◆ **EXERCISE DIRECTIONS**
Return all lines in the material below that contain "with".

◆ **DATA FOR THIS EXERCISE**
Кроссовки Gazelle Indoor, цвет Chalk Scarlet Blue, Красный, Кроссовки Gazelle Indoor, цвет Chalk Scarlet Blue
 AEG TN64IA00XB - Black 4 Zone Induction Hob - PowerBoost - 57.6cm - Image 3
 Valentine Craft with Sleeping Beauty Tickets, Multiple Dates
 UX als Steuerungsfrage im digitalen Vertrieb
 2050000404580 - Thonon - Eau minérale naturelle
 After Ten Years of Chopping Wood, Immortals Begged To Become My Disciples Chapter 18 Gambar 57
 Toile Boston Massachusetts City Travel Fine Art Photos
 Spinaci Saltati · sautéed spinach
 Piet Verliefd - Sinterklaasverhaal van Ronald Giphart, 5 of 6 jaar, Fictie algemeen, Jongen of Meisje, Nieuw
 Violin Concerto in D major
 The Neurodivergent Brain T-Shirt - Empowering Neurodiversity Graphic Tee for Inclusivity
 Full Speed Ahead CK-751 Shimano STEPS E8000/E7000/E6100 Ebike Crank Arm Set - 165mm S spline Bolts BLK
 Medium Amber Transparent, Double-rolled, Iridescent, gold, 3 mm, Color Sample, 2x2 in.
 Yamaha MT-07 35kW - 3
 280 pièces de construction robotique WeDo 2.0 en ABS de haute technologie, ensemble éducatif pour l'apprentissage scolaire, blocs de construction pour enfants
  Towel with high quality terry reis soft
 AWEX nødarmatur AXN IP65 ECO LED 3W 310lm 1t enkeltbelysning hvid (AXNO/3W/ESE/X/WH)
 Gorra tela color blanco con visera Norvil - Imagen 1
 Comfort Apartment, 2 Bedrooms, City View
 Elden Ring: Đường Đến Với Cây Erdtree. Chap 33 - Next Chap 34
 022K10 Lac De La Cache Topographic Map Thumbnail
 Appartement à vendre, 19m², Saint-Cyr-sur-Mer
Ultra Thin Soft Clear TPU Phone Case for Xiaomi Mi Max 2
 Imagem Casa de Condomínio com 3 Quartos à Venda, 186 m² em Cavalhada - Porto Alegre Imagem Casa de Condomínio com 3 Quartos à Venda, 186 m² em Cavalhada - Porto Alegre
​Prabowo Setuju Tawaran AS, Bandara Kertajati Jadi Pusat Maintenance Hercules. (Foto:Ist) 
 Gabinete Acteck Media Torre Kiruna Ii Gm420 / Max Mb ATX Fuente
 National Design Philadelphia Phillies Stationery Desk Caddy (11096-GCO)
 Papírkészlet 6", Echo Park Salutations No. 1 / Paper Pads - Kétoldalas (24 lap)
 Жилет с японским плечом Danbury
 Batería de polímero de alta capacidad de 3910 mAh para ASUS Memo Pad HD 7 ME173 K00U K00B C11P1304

◆ **ANSWER BOX**
 Valentine Craft with Sleeping Beauty Tickets, Multiple Dates
  Towel with high quality terry reis soft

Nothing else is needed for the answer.